Sürülebilir araçlar oyunda sadece bir seyahat aracı olarak kalmayacak ve onları göreceğimiz tek yer şehirdeki o kovalamaca sahnesi değil. Naughty Dog’un dediğine göre oyunun ilerleyen bölümlerinde çok daha büyük haritalarla karşılaşacağız ve “araçlar” buralarda etrafı keşfetmek, bazı bulmacaları çözmek, hatta savaşmak için kullanılabilecek. Ve tüm bunlar yapılırken akıcılıktan hiçbir taviz verilmeyecek. Yani sizin anlayacağınız sürekli olarak bir yerlere gitmeye, bir şeyler yapmaya, hareket hâlinde olmaya zorlanacağız ama tüm bunları yaparken ufak da olsa bazı seçeneklerimiz bulunacak. Böylelikle de o soluksuz aksiyon atmosferi yerini korumuş olacak.
Bununla birlikte Nathan ve diğerlerinin çevrelerine verdiği tepki ve hareketlerde de gözle görülür bir artışa gidilmiş. Naughty Dog, Last Of Us’ta Ellie’nin verdiği tepkilerin, mimiklerin ve hareketlerin oyuncular tarafından ne kadar sevildiğini fark ettiğinden buna benzer tüm etmenleri Uncharted 4’e de getiriyor. Nathan artık daha çok sağına soluna bakacak, siperlerde daha çok sinecek, yüzünü uçuşan parçalardan koruyacak, hatta yanındaki kişiyle daha çok etkileşime girecek. Böylece daha kanlı canlı bir karakter çıkmış olacak ortaya.

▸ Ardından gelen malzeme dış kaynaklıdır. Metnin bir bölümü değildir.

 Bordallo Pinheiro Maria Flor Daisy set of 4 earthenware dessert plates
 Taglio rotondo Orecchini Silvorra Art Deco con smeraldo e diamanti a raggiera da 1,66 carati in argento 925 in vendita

Uncharted 4 büyük bir aksilik olmazsa 2016’nın bahar aylarında Playstation 4 sahiplerini maceradan maceraya koşturmak için konsollara konuk olacak. Yine de yapımcılar oyunu birkaç ay daha ertelemeleri gerekirse bunu yapmaktan kaçınmayacaklarını da açıkça belirtiyor. “Çünkü bu Nathan’ın son macerası, bu yüzden kendisinin şimdiye dek yapılmış en iyi Uncharted oyunu olmasını istiyoruz,” diyor Naughty Dog.